Material provided ::
• • • • • • •

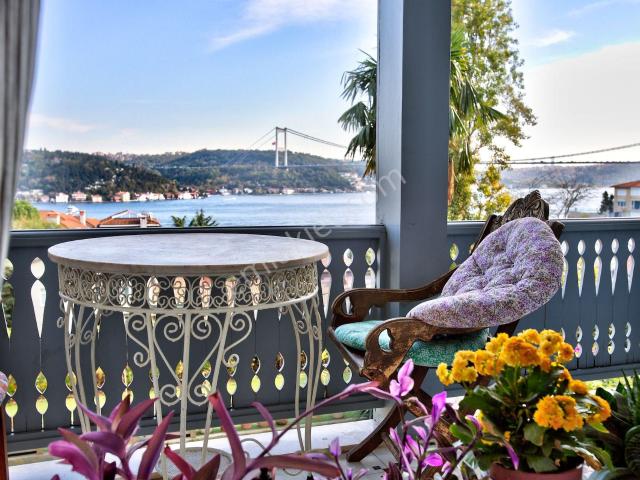 Sariyer içerisinde satılık Villa
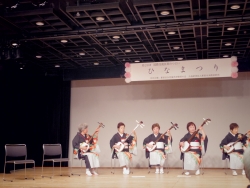 写真:津軽三味線の演奏
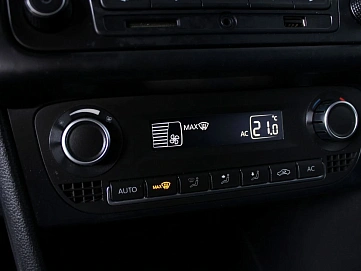 Volkswagen Polo, 2013г., передний привод, автомат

• • • • • • •

What you have to do ::
Leave out the pictures, then return every line of the data exactly.

Result of this task ::
 Sariyer içerisinde satılık Villa
 写真:津軽三味線の演奏
 Volkswagen Polo, 2013г., передний привод, автомат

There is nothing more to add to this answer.